AMOUR quand je pense au mal terrible que tu me fais souffrir, je vais en courant à la mort, pensant terminer ainsi mon mal immense.

» Mais quand j’arrive à ce passage, qui est un port dans la mer de mes tourments, je sens une telle joie, que la vie se ranime, et je ne passe point.

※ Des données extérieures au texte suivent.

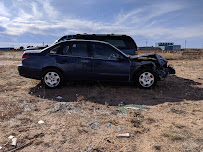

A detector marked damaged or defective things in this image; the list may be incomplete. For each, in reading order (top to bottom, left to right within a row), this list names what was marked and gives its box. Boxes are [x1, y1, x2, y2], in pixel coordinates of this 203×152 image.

damaged dark blue sedan [18, 39, 175, 88]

» Ainsi, vivre me tue, et mourir me rend la vie. Oh ! dans quelle situation inouïe me jettent la vie et la mort ! »




Le chevalier accompagnait chacun de ces vers d’une foule de soupirs et d’un ruisseau de larmes, comme un homme dont le cœur était déchiré par le regret de la défaite et par l’absence de Dulcinée.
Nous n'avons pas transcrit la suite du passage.